Your instructions: Leaving out all pictures, reproduce the entries below exactly, from the first line through the line that contains "Boxer noir wetlook et mesh".

Captioned web image data:
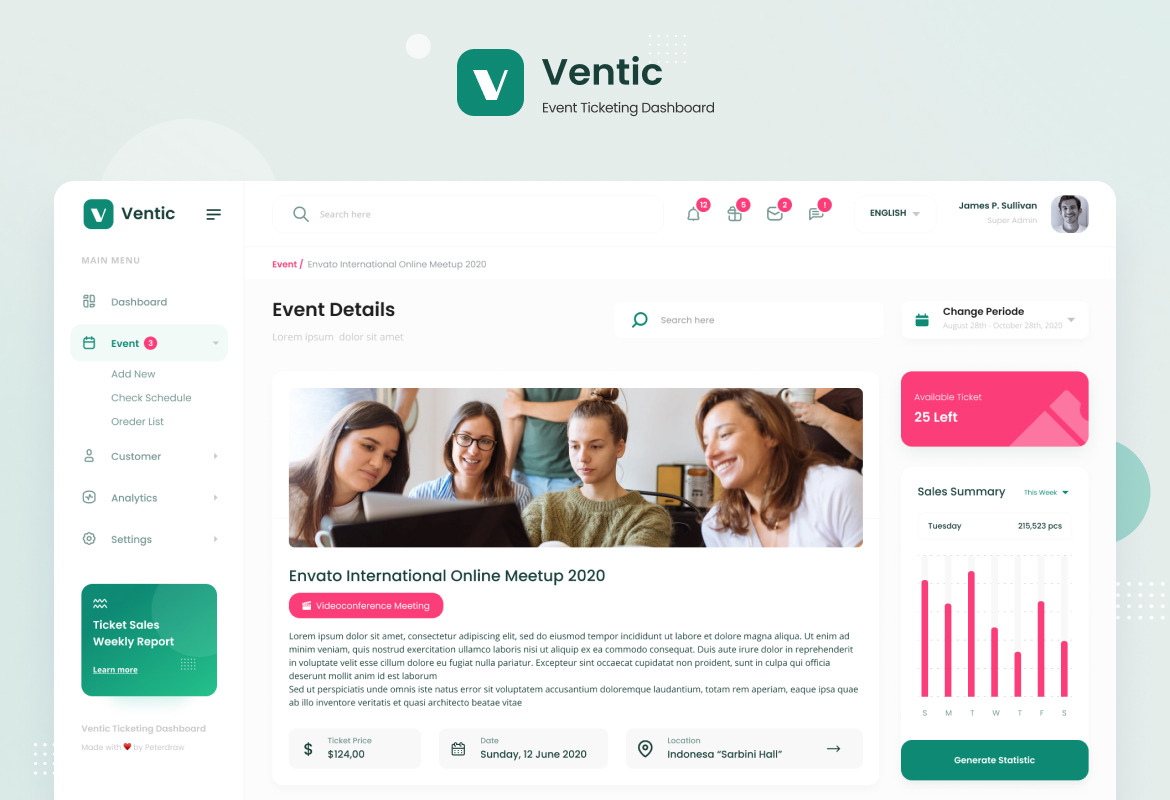 Download Ventic Event Ticketing Admin Dashboard Template In Ux Ui Kits On Yellow Images Creative Store PSD Mockup Templates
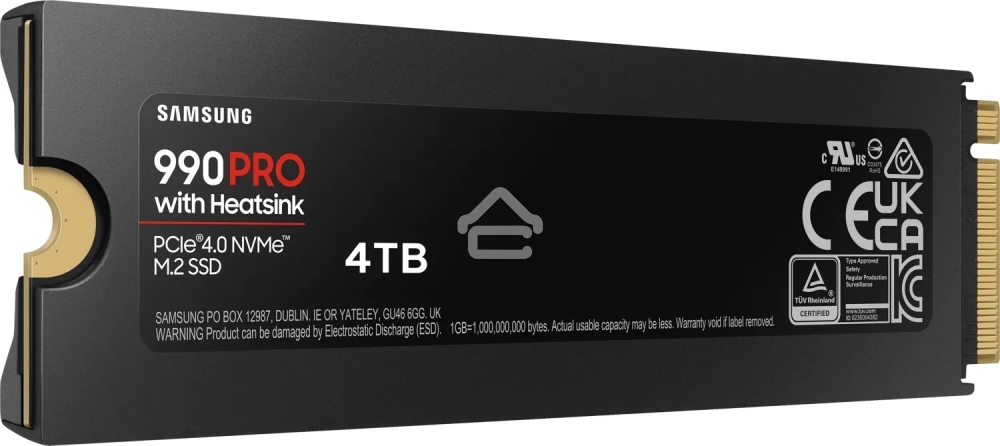 Накопитель SSD Samsung 990 Pro MZ-V9P4T0CW, 4Tb, PCIe 4.0 x4, M.2 2280, NVMe, R/W 7450/6900, с радиатором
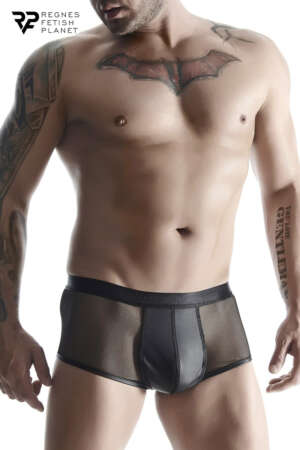 Boxer noir wetlook et mesh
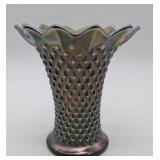 Northwood Diamond Point Green Squatty Size Vase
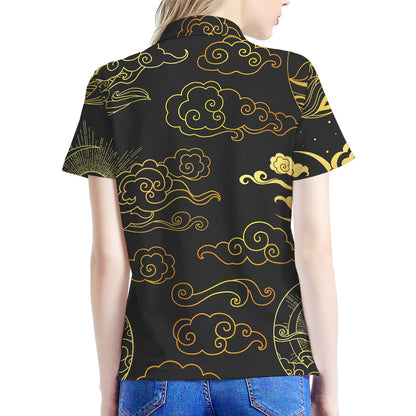 Gold Moon And Sun Print Women's Polo Shirt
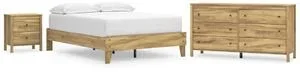 Full Platform Bed With Dresser and Nightstand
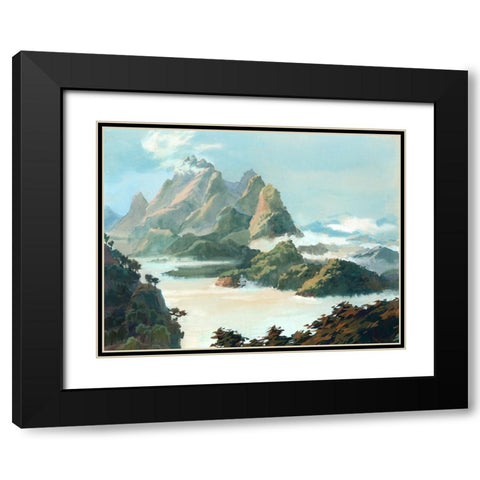 Crest of the Wudang Mountain Black Modern Wood Framed Art Print with Double Matting by Wang, John Z.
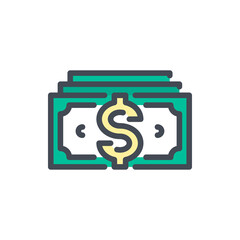 Dollar color line icon. Pile of Money and Cash vector outline colorful sign.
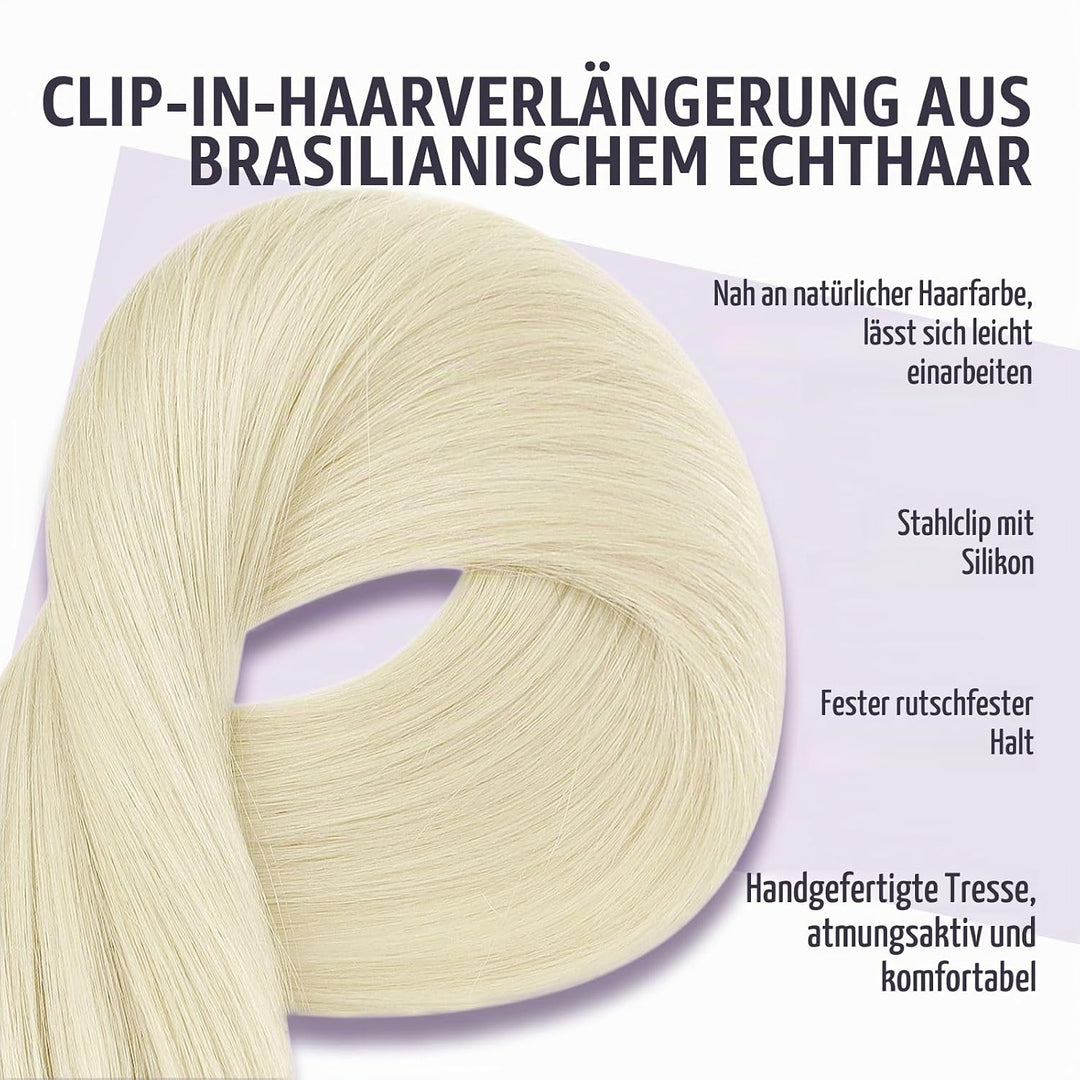 Fshine Clip In Hair Extensions Blonde Real Ehthaar Clip In Extensions Platin Blonde Full Head Blonde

Exercise output:
 Download Ventic Event Ticketing Admin Dashboard Template In Ux Ui Kits On Yellow Images Creative Store PSD Mockup Templates
 Накопитель SSD Samsung 990 Pro MZ-V9P4T0CW, 4Tb, PCIe 4.0 x4, M.2 2280, NVMe, R/W 7450/6900, с радиатором
 Boxer noir wetlook et mesh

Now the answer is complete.